11/27/09

Nanowrimo '09

63,884..Woot! Finally semi accomplished something! XD

9/3/09

Breakthrough

Well sticking to my guns and talking things out seems to have worked out for the best. I think now that we’re talking more I can start to focus on other things that I’ve been neglecting again.

I’m at sort of a stopping point with my story. I need to make time to camp out somewhere and really focus on where I want this story to go. I have a vague idea but I’m still having trouble trying to get what I want each chapter to be like. I’ve just got so much in the way of material that I want to get out of my head and down on paper that I don’t know where to begin. *sighs* I just have to make time to sit down and really see where I want to go and how I want to edit what I’ve written in the past.
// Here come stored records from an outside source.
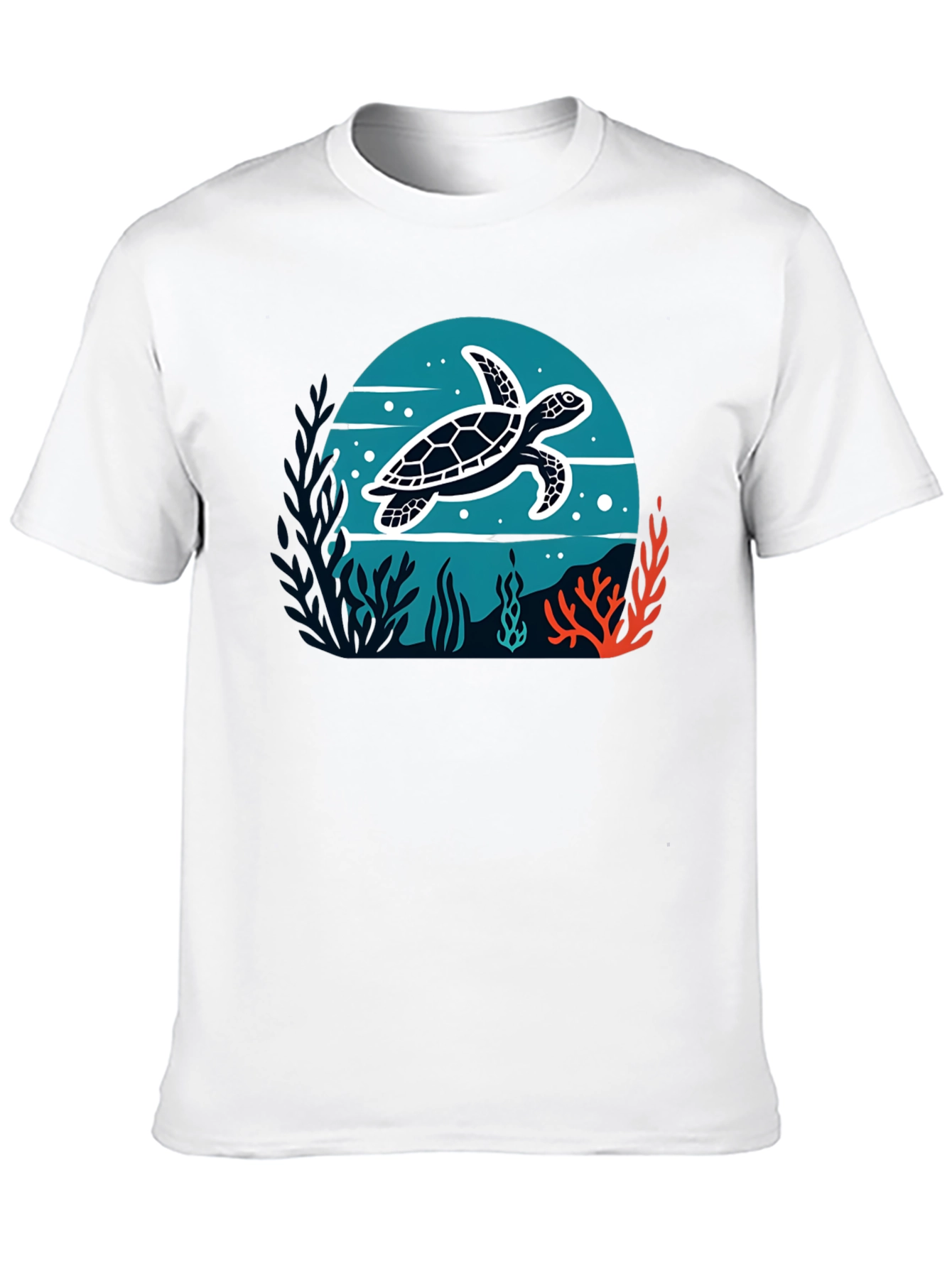 Sea Turtle Graphic T-Shirt - Ocean Lover Tee
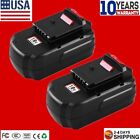 2Pack 18V NiCD Replacement Battery for Porter Cable PC18B 18-Volt Cordless Tool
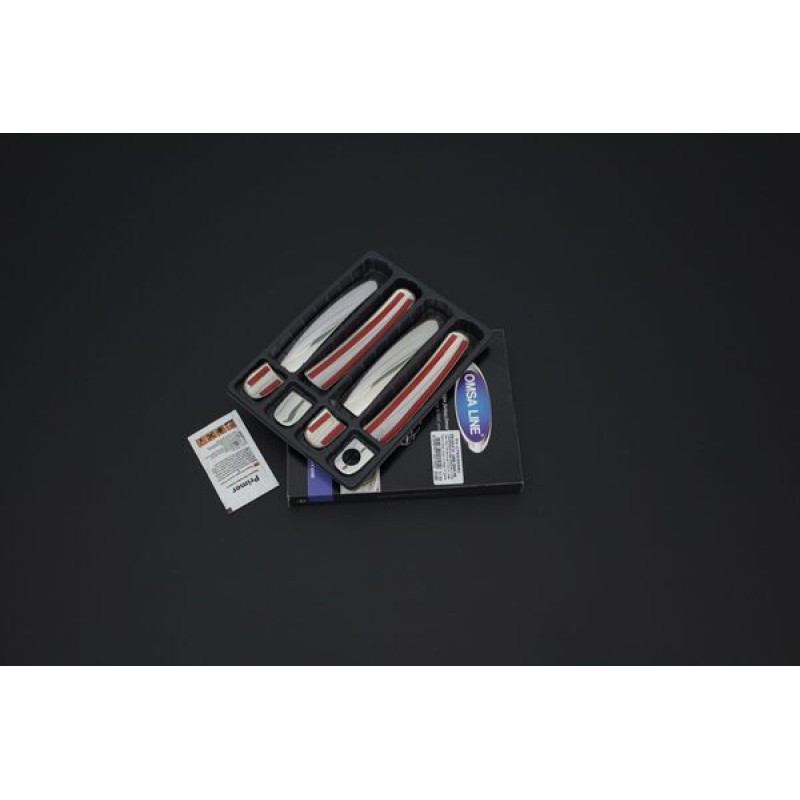 OMSA Seat Altea Krom Deco Kapı Kolu 4 Kapı 2004-2015 Arası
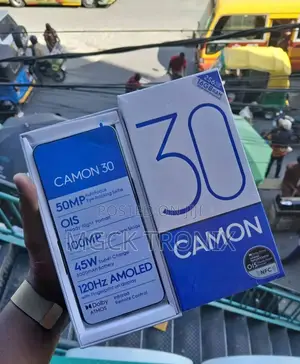 New Tecno Camon 30 256 GB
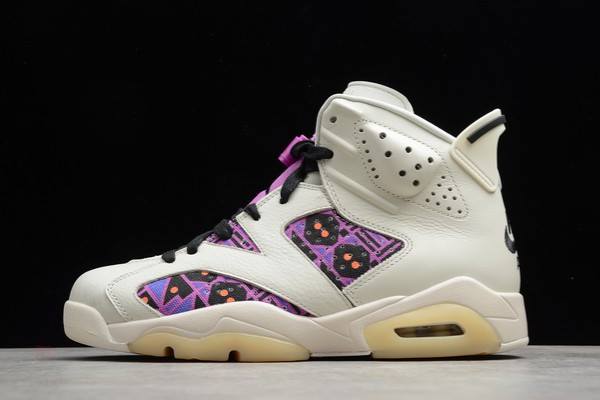 Tenisky Nike Air Jordan 6 Quai 54 Sail Damske Biele Slovensko | SK-YLMEUF280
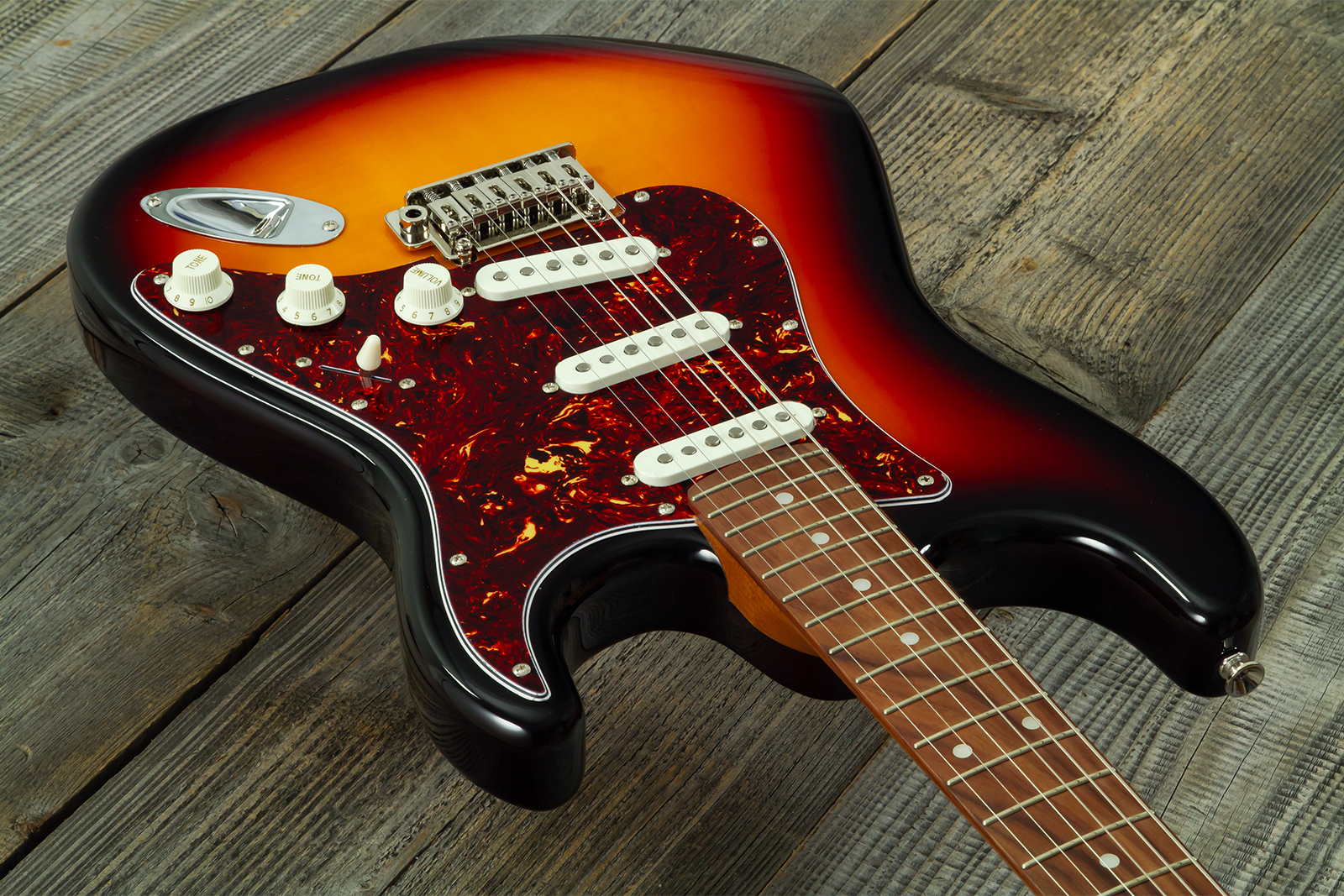 Eastone St500r-fs2t-rw 3s Trem Rw - 2-tone Burst - Guitarra eléctrica con forma de str. - Variation 2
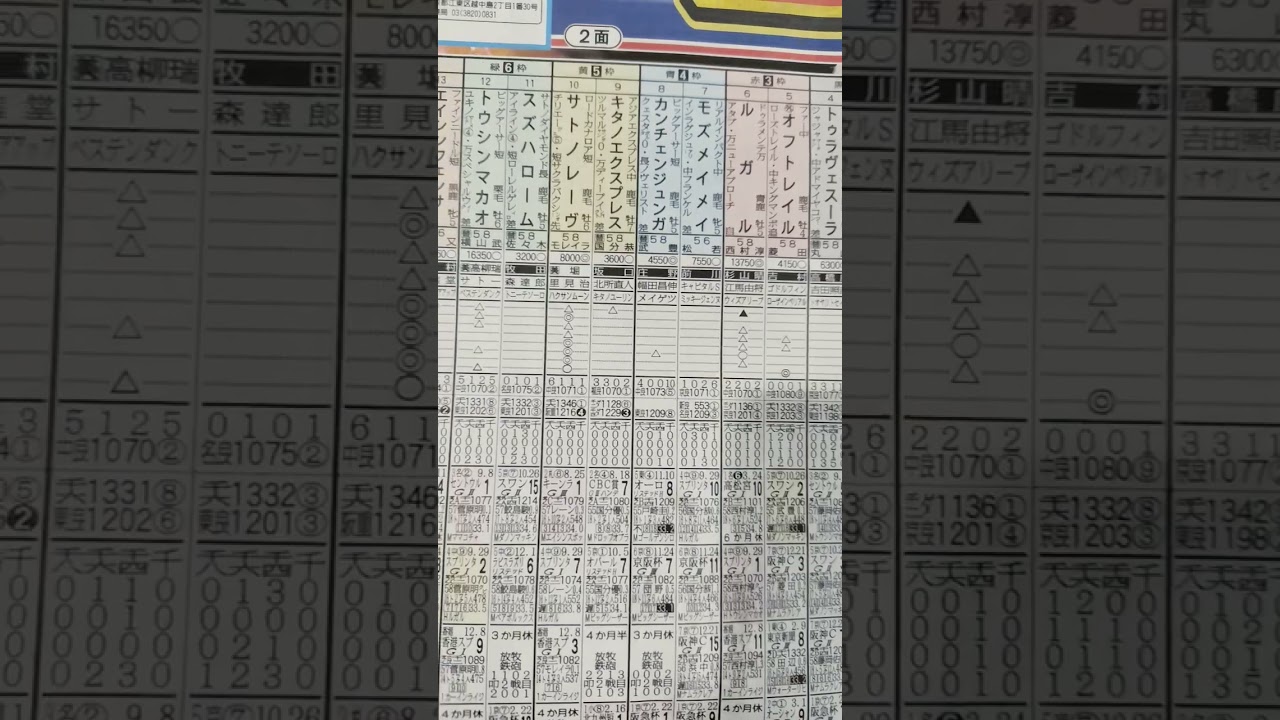 競馬予想（高松宮記念）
Craft-wise I’ve got a just 3 projects going. For me that’s very light. I think if I had more access to my knitting stash I’d be working on a bunch of other things and getting none of them done. I’m trying to be better about focusing on a few things at a time and so far it’s going well. It kind of sucks that I seem to be more deadline oriented when it comes to knitting. If I’m knitting something for someone else I seem to knit faster and get things done way sooner than if I were knitting something for myself. I guess knitting for yourself in a way should be more relaxing and used to learn new skills since there isn’t a deadline to get whatever project done.

Other hobbies that I’ve put on the back burner suck as drawing and painting are slowly starting to worm their way into the front of the stove. I guess watching a new anime series has started my drawing hand to start itching again. I know when I get the chance to start drawing again I’m going to be in some kind of pain because it’s been almost a year since I’ve picked up my drawing pencil. But like all of my other hobbies with a little practice I’ll be able to get my hand back into shape and hopefully can better my drawing skills.

7/5/09

Knitting Update

Well its been a while since I've posted some pics. I haven't been a complete bum these past few months so here's some pics of finished objects and wips I'm working on. Enjoy! X3














4/13/09

Update

Doing a little bit better today. I was able to get motivated to clean up around the house and just start to feel better about myself. I still feel unsettled with the way things are but I still just try to keep going on one day at a time.  I don't know why but for the past few weeks I just kept feeling sorry for myself. At times it really does suck having low self esteem but it's something that I constantly have to struggle with. I guess it didn't really help when K and I went to visit my parents to pick up more of my mail. It just wasn't cool of my mom to kind of play us against each other the way she did. Granted it wasn't major just didn't want to haul anymore food over from her place but she just wouldn't let me. I guess things still have to be her way or not at all. I know she's just trying to look out for us but I would think that my opinion would count for something. Her going behind my back like that just makes me feel like I'm less of an adult. Who knows one day my opinion will matter to someone. Ah well, just got to keep trying to stick up for myself.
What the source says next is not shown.